We have an ongoing debate in our house: What to do with my 1966 World Book Encyclopedia.
I want to keep the collection, regardless of how yellow its pages or how little I use it. Actually, I haven’t cracked one of the green-and-cream books in forever. I now do almost all my research online because the information is more up to date, not to mention easier and faster to find.
Still. Still. This encyclopedia has meaning beyond its alphabetical entries and thorough cross-references. I’ve had it for at least as long as I can remember. Stacked on a bookshelf, gold lettering a beacon of knowledge, it serves as a reminder of childhood, of my early curiosity about things beyond the strict parameters of our household. Surely its purchase must have meant a huge sacrifice for my Cuban exile parents.
But where to put it? Keeping it means I have to toss something else off my bookshelves, something I also treasure: novels autographed by Russell Banks and Edwidge Danticat, books by writer friends, a collection of Miami and Florida references. An impossible choice.
So … I’ve been keeping the World Book tomes in boxes that collect dust in a closet, useful to no one and a sore spot for other members of the family. Now we need the space in that corner.
“Get rid of it already,” The Hubby insists. “It’s attracting roaches.”
I don’t see any bugs scurrying about, but I buy roach traps at the supermarket anyway and set them out. That, however, doesn’t solve the space problem.
I take a different tack. I tell The Hubby that I’m keeping the encyclopedia for the next generation, a sort of inheritance in the same way silver or jewelry is handed down in other families.

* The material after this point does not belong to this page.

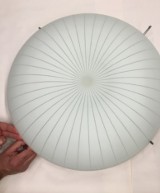 IKEA wycofuje lampy sufitowe. Klienci informowali, że klosze spadają na podłogę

In fact, I may not leave the Hope diamond to my granddaughters, but I have three boxes of vinyl LPs that must be worth something. The Beatles. Marilyn McCoo and Billy Davis Jr. Jim Croce. Chicago. Bread. Al Stewart. Dionne Warwick. I don’t expect great wealth from this cache, but maybe the collection, with the encyclopedia thrown in, can fund a college education.

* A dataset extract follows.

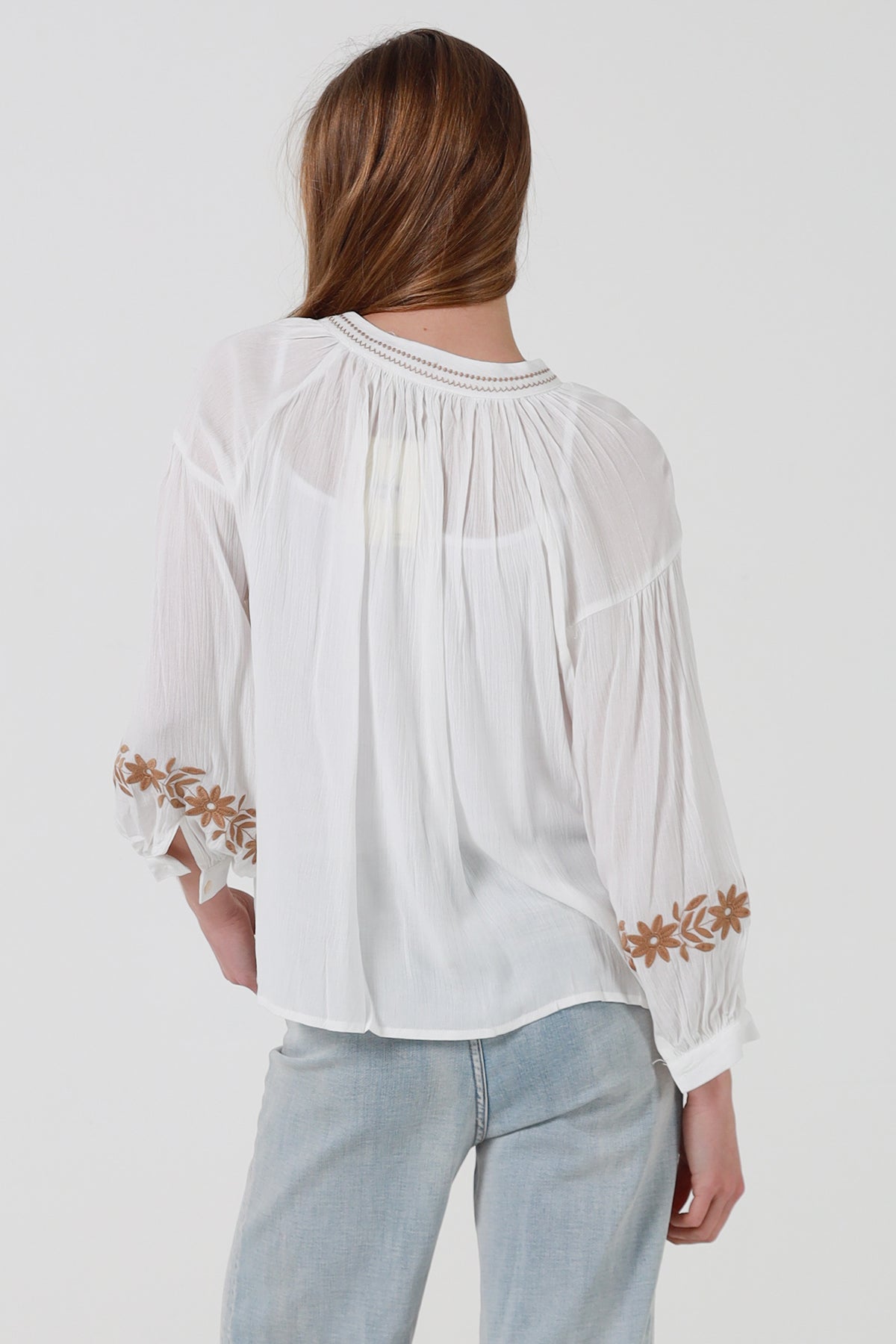 JL0010 Embroidered Top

The other morning I searched “1966 World Book” on the Internet. I was shocked. Shocked, I tell you. Lots of people are auctioning their encyclopedias on eBay. The highest asking bid: $119. On Amazon, the price starts at $185. That wouldn’t buy a single textbook!
I didn’t even bother researching the vinyl.

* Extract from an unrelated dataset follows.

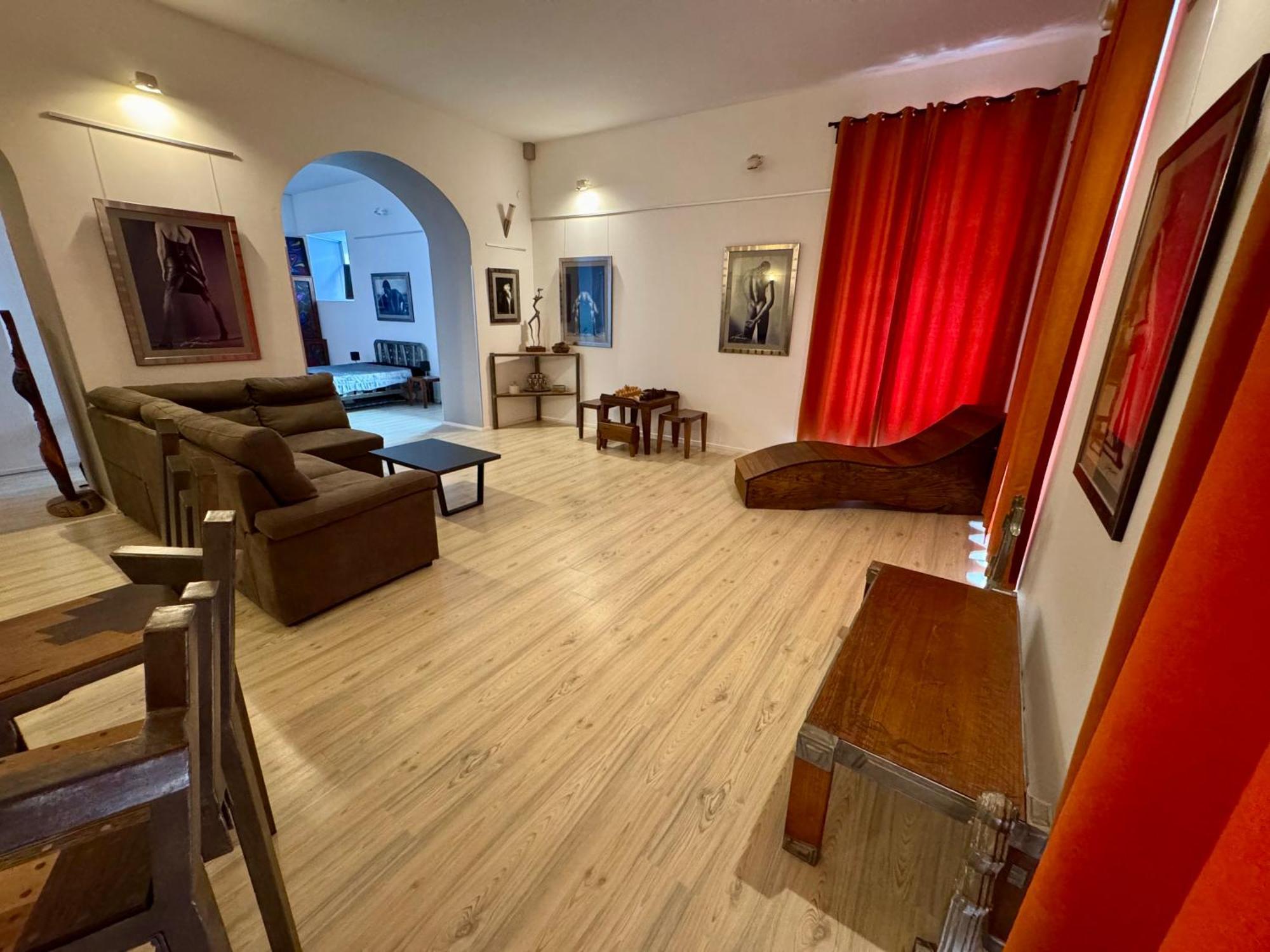 Lupino's Gallery - Old Town Apartman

Like the friend who believes she’ll make a fortune on the vintage wind-up movie camera she discovered while cleaning out her mother’s apartment, I’ve watched too many episodes of Antiques Roadshow and Pawn Stars. Everybody thinks they have a priceless soup tureen in the attic and a long-lost early Picasso on the wall. The truth tends to be more pedestrian.
Huge closets and cheap storage units have turned on its head the old saw about one man’s trash being another’s treasure. There’s plenty of trash waiting in the dark recesses of our homes, and all the so-called treasures — well, they’re already for sale on the Web. For a pittance.